Angolan authorities cordoned off an area where police and armed religious sect members clashed last week, leaving hundreds dead, according to the main opposition party.
Journalists, human-rights activists and family members were prohibited from entering or leaving the area near Caala in Huambo province, about 630 kilometers southeast of the capital, Luanda, the National Union for the Total Independence of Angola said on its website.
Unita alleges that the security forces are burying the dead in the restricted area to cover up a massacre. National police spokesman Aristophane dos Santos didn’t answer calls or respond to text messages on Friday seeking comment. Police said they killed 13 bodyguards of Jose Julino Kalupeteka, leader of the Light of the World, which the ruling party accused of murdering nine policemen on April 16, according to the state-run Jornal de Angola.

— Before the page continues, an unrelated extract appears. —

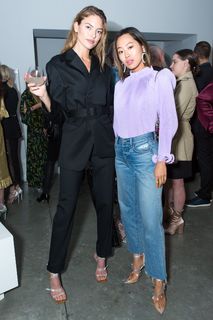 Martha Hunt feet photo thumbnail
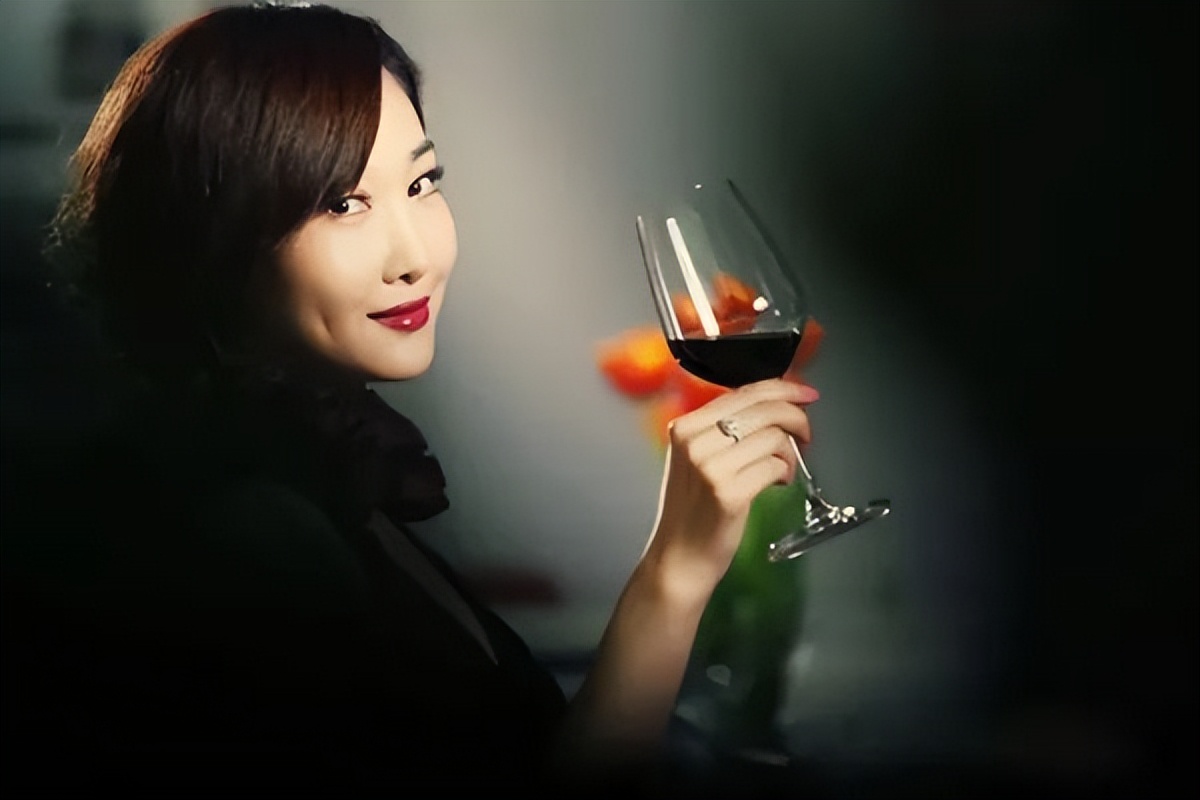 白酒假酒揭秘,低端假酒大揭秘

Unita said local residents told it that sect members disarmed and killed three policemen while six others died when their vehicle overturned as they fled the scene. Police then opened fire from helicopters killing about 700 people, Unita said local residents told its investigators.
Kalupeteka, who was arrested April 17, was driven out of the Seventh-day Adventist Church in 2001, according to Unita. He urged members to sell their belongings and move from their villages to mountains and forests because of their belief the world will end this year, President Jose Eduardo dos Santos said on April 20.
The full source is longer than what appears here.